No one seemed to know where the constant flow of marijuana came from; it was just always available. Drug dealers were deviously clever in their use of neighborhood kids to peddle their product. These carefully chosen kids were usually popular, friendly, and the least suspect. They were lured in and groomed as young as eleven or twelve. And what could be more innocuous than friends selling marijuana to friends? How easy it must have been for them to lure in customers from their school and neighborhood. These young kids couldn’t have thought they were doing anything wrong. After all, it was just marijuana, a simple recreational drug…or so they were told.
And so the stage was set. There was no evil stranger lurking in the neighborhood that parents could point to; no one to call the police on to protect their neighborhood and children. Unfortunately, the “enemy” was within, and the real dealers remained in the shadows.
But for me, one shadowy figure began to emerge when I graduated from high school and started my first job at a new family restaurant in town. It was there that I met the man who turned this small town into a major artery for drugs between Florida and Atlanta. “Dick” was from the northeast and came with his young girlfriend, “Jane”. He was about 33 at the time and she was about 18. She and I worked as waitresses, and he was her ride to and from work. He would usually hang around drinking coffee for a few hours after bringing her to work, and as time went on, he began to open up about his life and how he had met “Jane”. As it turns out, they met when she was underage, and dated until he was sent away to jail for a few years. When he got out of jail, they took off together and landed in the south. However, his time in jail was not wasted because he learned the fine art of leather-making.

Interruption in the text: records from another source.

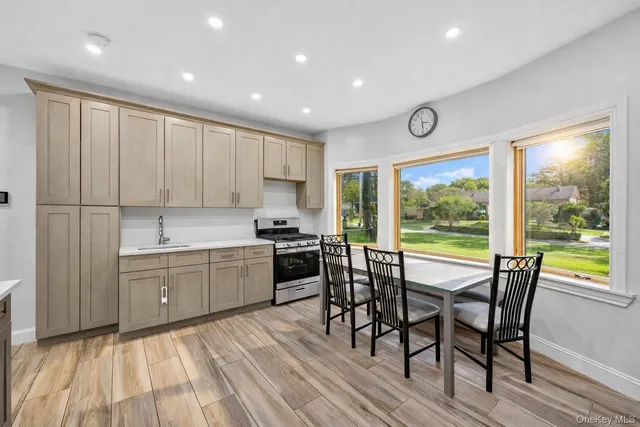 a kitchen with a table chairs sink and cabinets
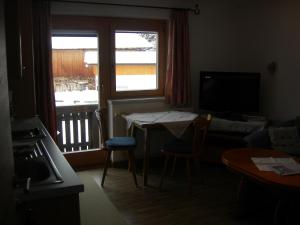 a living room with a small table and a window at Haus Mooshof in Lermoos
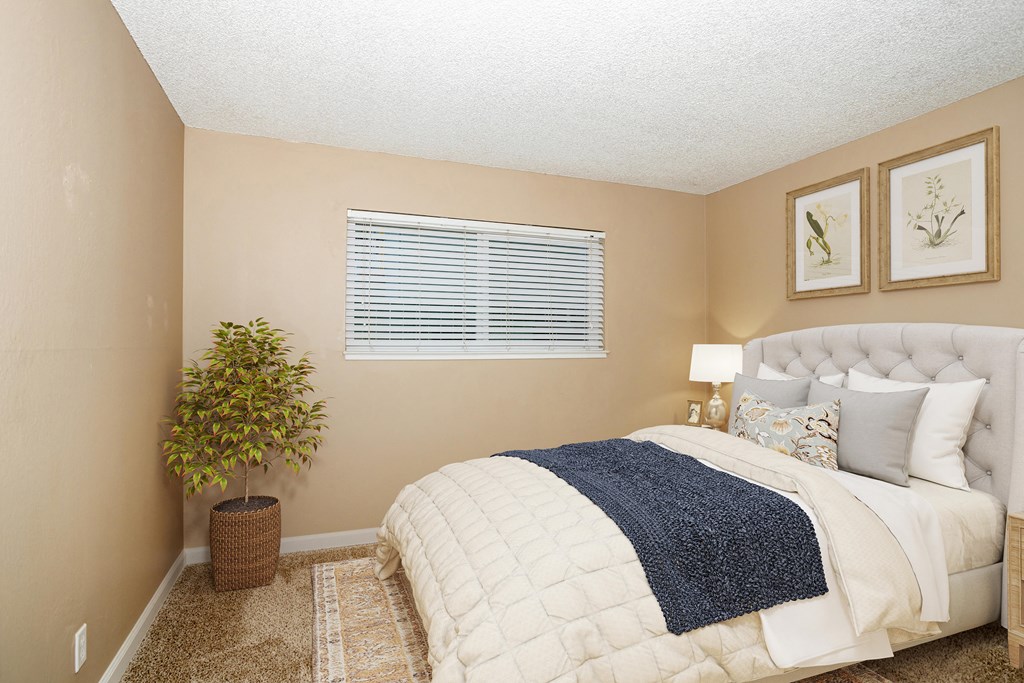 a bedroom with a bed and a potted plant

While “Jane” was working to pay the general monthly bills, “Dick” was setting up his leather shop as a means to his real business of dealing drugs. He picked the perfect location for his shop; it was set between a large middle class suburban neighborhood and the elementary school. The junior high was just yonder west up the road. Kids walked past his shop every day to and from school. He was set up in a well established shopping plaza which included a grocery store and bowling alley. This area was a natural draw for kids. It butted the neighborhood and there were no major streets to cross. No one felt unsafe there, parents felt comfortable letting their kids hang out there, and everyone knew of each other from school, church, or the surrounding neighborhoods. This was the same area where I grew up and was very familiar with. The grocery was somewhere to go with my siblings or friends for candy, soda, or chips and the bowling alley was a fun setting for bowling & video games.
He opened his shop in 1977 and changed the landscape of our neighborhood forever. In just nine short years, the senseless murder of a 13 year old boy would take place directly in front of where the leather shop used to stand.